Alors que l’activité économique connaît une évolution favorable depuis le début de 2017, les craintes persistaient sur un éventuel retournement de tendance, parce que les 4% de croissance prévus en 2016 s’étaient réduits à 1% à la fin de l’année dernière, tandis que d’autres prévisions du genre ne s’étaient pas réalisées dans le passé.
L’espoir renaît
Et le climat des affaires laissait transparaître les inquiétudes d’une crise qui a notablement impacté le comportement des opérateurs économiques du fait de sa durée.
D’économies en économies, l’austérité a plombé les opérateurs de tous les secteurs, arrêté les investissements et instauré une attente caractérisée par le manque de confiance.
Il faut reconnaître qu’il y avait de quoi, sachant que chez nous les investisseurs concentrent souvent leurs mises dans un ou deux secteurs en vogue, comme ce fut le cas du textile il y a plus de deux décennies, avant que nombres d’entreprises de ce secteur ne ferment du fait d’un management déficient, d’un manque d’anticipation et d’une productivité insuffisante.
Fès est l’exemple d’une telle déroute, elle qui était au début des années 80 la seconde ville industrielle du Royaume !
C’est également le cas de l’immobilier, victime il y a deux ans de l’éclatement d’une bulle dont les effets néfastes se font encore sentir aujourd’hui.
La croissance économique pour être durable et bénéficier à tous, doit être diversifiée, provenir de diverses activités et évidemment ne plus être dépendante des aléas climatiques.
C’est ce que le Maroc s’essaie à faire avec sa politique de développement et de transformation industrielle, mais aussi de dynamisation de la croissance.
Et c’est la première fois que l’on constate un dynamisme continu des activités tertiaires et primaires, ainsi que la bonne tenue des activités secondaires dans l’ensemble, comme en attestent les indicateurs conjoncturels publiés par la DEPF, laquelle a le grand mérite de fournir rapidement des chiffres significatifs.
Les indicateurs, verts comme l’herbe printanière
Ainsi après une chute en 2016, la valeur ajoutée agricole a connu un net rebond en 2017 avec une progression notable de la production céréalière de 203% et une bonne tenue des autres filières agricoles.
Mais si l’on devait s’arrêter là, on ne serait pas sorti de l’auberge !
La production de phosphates, autre source de croissance aléatoire du fait de sa dépendance envers la demande internationale, connaît elle aussi une hausse de la production de phosphate de roches de 26,1%.
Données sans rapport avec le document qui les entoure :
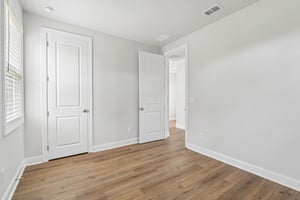 Pearl St-S0105-054.jpg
Cependant, c’est surtout, le secteur du BTP, longtemps sinistré avec une stagnation des ventes de ciment, qui s’illustre aujourd’hui avec une hausse de ces dernières de 42,2% en juillet 2017, atténuant ainsi leur rythme de repli à -4% à la fin du même mois après -9,2% à fin juin 2017.
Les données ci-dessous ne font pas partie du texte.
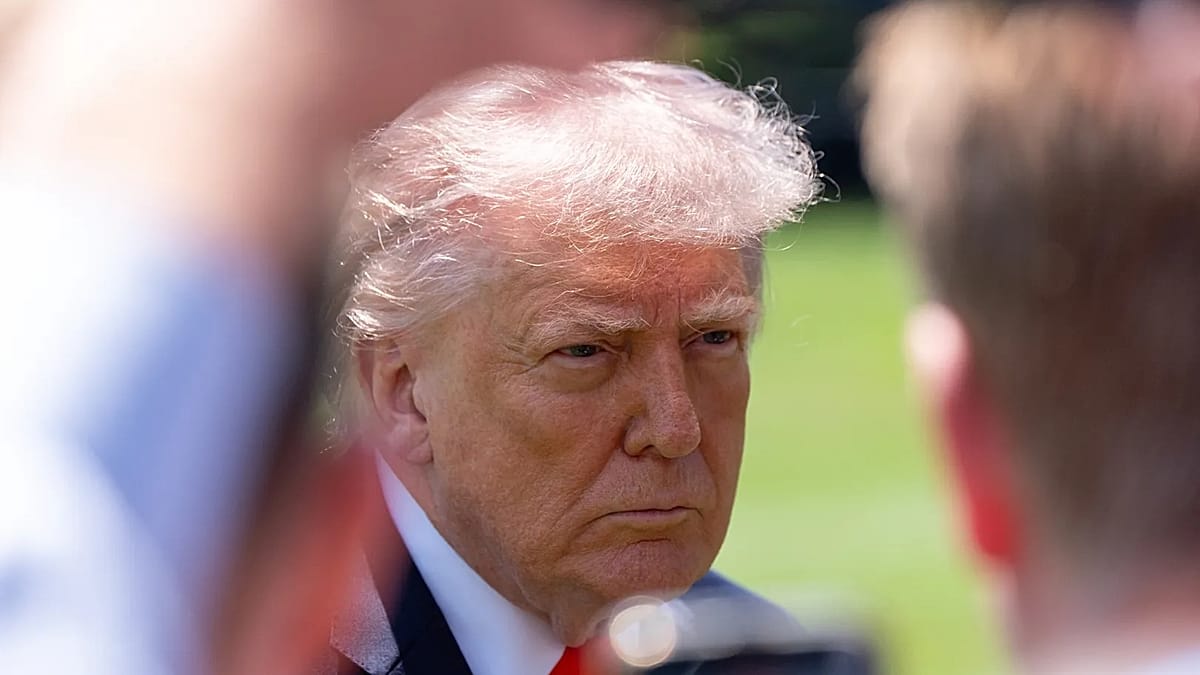 Trumpas apie Irano taikos siūlymą: nesu patenkintas, derybos įšalo, Hormūzo sąsiauris uždarytas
Du jamais vu, ni connu depuis au moins 5 ans ! D’ailleurs, le secteur immobilier, consommateur de ciment s’il en est, commence à faire transparaître des tensions qui se manifestent par un taux d’accroissement des crédits à l’immobilier à +3,8% à fin juin 2017, contre +2,1% un an auparavant.
Le meilleur à venir ?
De même, le Maroc continue à profiter de sa réputation de havre de paix avec des indicateurs touristiques qui poursuivent leur dynamique haussière.
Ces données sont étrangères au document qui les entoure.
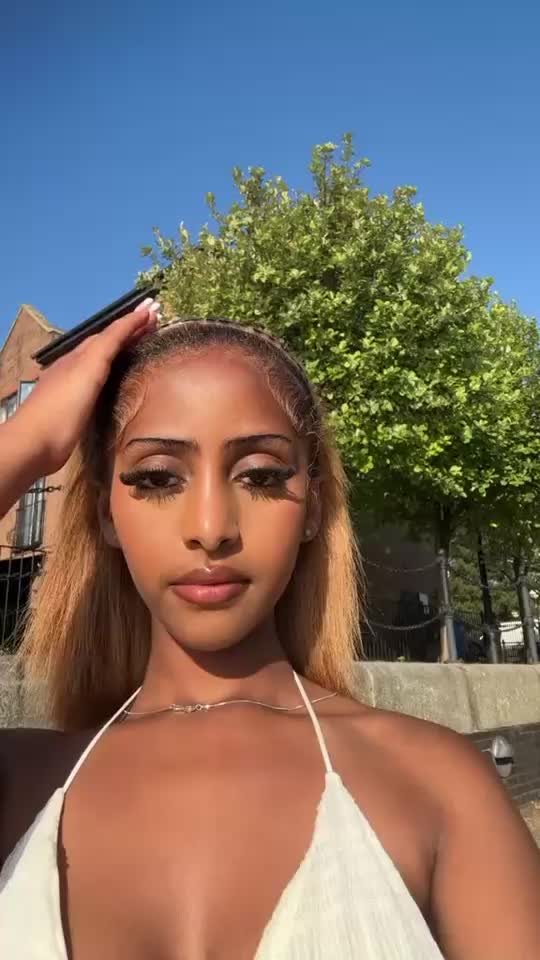 @ₕₐₗₗₑ🇬🇧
A fin juin 2017, les arrivées au Maroc avaient connu une hausse de 9,2% et les nuitées de 17,7%, sachant que l’on peut tabler sur de meilleures performances encore en juillet et août d’autant que le trafic aérien des passagers et l’activité portuaire globale ont progressé respectivement de 11,5% et de 10,1%, à fin juin 2017.
Dans un contexte d’inflation maîtrisée d’à peine +0,9% à fin juin 2017, la demande intérieure, argument économique de taille pour pérenniser la croissance, maintient une tendance positive, soutenue par une performance agricole exceptionnelle, l’évolution favorable des crédits à la consommation (+4,4% à fin juin 2017), ainsi que de la création de 58.000 postes d’emplois rémunérés au deuxième trimestre 2017.
Ces créations d’emplois, aussi minimes soient-elles, ne sont-elles pas la preuve concrète d’une renaissance de la croissance économique ?
Inversement, ne savons-nous pas que pour répondre aux attentes massive des jeunes, l’éducation et l’emploi sont les seules réponses ?
L’effort d’investissement, qui était porté essentiellement par l’État, se diversifie comme en témoigne en 2017, la bonne tenue des crédits à l’équipement, en progression de+9,4% à fin juin 2017.
Mais aussi, par les importations des biens d’équipement, les achats des demi-produits qui ont augmenté, respectivement, de 1,8%, 2,8%.
Quant aux flux d’IDE, ils ont explosé à plus de 33,8% à fin juillet 2017, certainement boostés par l’usine Peugeot Citroën de Kenitra.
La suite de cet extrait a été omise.